With a bit of luck, my Dad will remain stable and have a comfortable move on Wednesday. We will insure that he and Mom are set and go home to pack the car for Florida. Mary Helen will be there with Mom and Dad Woods. We look forward to joining her in providing gracious support and sharing the company of all there.
We may be more house-bound this year, but will still enjoy watching cormorants, mottled ducks, ibis, and herons about Heritage Cove. One of us may be forced home if there is a crisis in York, but otherwise will stay until March. Our schedule will be determined in part by plan and in part by events. We are fortunate to have made the time and resources to be able to provide support to parents near the end.

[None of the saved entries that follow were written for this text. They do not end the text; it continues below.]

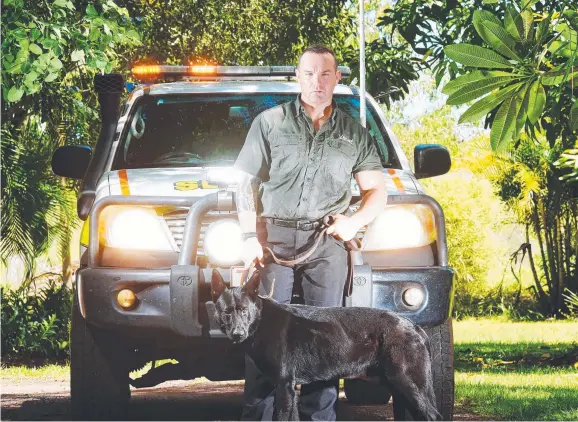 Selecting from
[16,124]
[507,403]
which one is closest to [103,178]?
[507,403]

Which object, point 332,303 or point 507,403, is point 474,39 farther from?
point 332,303

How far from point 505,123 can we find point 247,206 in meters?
1.38

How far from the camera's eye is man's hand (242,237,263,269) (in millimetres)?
5406

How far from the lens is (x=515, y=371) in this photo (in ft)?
36.4

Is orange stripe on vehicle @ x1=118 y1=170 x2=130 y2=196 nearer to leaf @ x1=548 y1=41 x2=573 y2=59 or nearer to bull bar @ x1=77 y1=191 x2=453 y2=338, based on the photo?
bull bar @ x1=77 y1=191 x2=453 y2=338

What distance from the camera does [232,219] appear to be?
6324 millimetres

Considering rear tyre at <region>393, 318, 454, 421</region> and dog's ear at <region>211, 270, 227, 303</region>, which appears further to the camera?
rear tyre at <region>393, 318, 454, 421</region>

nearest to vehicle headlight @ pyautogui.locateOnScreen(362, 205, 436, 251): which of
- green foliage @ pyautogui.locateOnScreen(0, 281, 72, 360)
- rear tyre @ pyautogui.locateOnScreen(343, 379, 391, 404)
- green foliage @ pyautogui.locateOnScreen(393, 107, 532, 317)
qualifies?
rear tyre @ pyautogui.locateOnScreen(343, 379, 391, 404)

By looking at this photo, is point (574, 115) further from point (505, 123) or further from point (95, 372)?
point (95, 372)

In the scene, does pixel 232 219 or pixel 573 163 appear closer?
pixel 232 219

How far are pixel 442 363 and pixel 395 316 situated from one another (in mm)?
1136

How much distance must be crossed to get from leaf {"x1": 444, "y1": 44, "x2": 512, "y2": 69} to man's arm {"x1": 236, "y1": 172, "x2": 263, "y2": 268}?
113 cm

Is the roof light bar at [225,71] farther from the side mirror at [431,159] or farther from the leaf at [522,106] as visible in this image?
the leaf at [522,106]

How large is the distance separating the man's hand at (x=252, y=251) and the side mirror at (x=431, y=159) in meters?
2.16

The weather graced us with almost a week of mild days in January. For that we are most thankful. But now we are hopeful of safety for my parents when we depart. A battle is successfully concluded in the face of changing conditions, unexpected attacks, mistakes, and the typical fog of crisis. The "war" is not over, but the turning point of this campaign seems to have been my mother's agreeing to the move. Without that there would have been no end in sight to the uncertainty and demand for our being here. I certainly did not want to have to send Anne to Florida alone. Now that should not happen.
We are grateful to be able to maintain some sense of order, and hope that the experience of the past month will better enable us to manage future crises that are sure to come. Certainly there will be unpleasantry, but we want to be able to provide comfort, support, and what joy we can to those who have given us so much. When an end comes we hope it can be made comfortable and without terror. Sadly we mere mortals must all face the end at some point, but making life good, dying is only the last thing we must do. And so, we make what joy we can and see what tomorrow brings.